In those days, John was such a workaholic that on the rare occasions we did go somewhere for a vacation, his first order of business was to get sick – what I refer to here as the Maui Syndrome. On this particular trip, there was an alternate explanation. On his thirtieth birthday – which occurred a few days prior – John resolved to quit smoking. He did so successfully, cold turkey, with the aid of copious quantities of alcohol. (Giving that up would come three and a half years later.)
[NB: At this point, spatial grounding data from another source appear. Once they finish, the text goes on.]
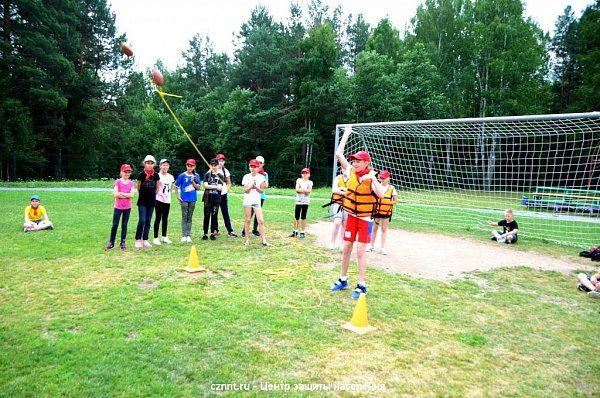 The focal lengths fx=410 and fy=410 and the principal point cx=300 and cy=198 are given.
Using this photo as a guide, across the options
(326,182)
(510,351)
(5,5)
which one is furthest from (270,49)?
(510,351)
I’m embarrassed to confess I continued to smoke for a few more years, which surely must have been torture for John – especially when enclosed in a car. Mea culpa. I should’ve signed up for Smokenders sooner. In 1982, you could still smoke without being a complete pariah but that would change shortly
This was one of our final young-and-free vacations. The friends we travelled with were all unattached as was Mitch. Malcolm and Maya were married but no children yet. J and I left our five-year-old in San Diego with his grandparents (which he loved).
The summer after this I’d give birth to our daughter and the summer after that we’d have our second son. Our single friends, almost en masse, would marry and have children of their own. A new cycle of family-oriented (read child-oriented) vacations would commence. I don’t mean to sound critical – those family vacations hold some of the sweetest memories of my life.
It would be years – eighteen or twenty, really, around the time the kids are all off to college – before we’d vacation with adult friends but now it’s got an entirely different quality than those young-and-free days in 1982. We don’t run up and down mountains anymore (truth be told, I never did) and concessions must be made to health. Bathroom stop are more frequent (almost like traveling with a toddler!) and we no longer talk, smoke and drink until 4 AM about our lives because we all tire more easily. What will the next phase be like? All of these eras have their moments. In my life, I’ve loved them all.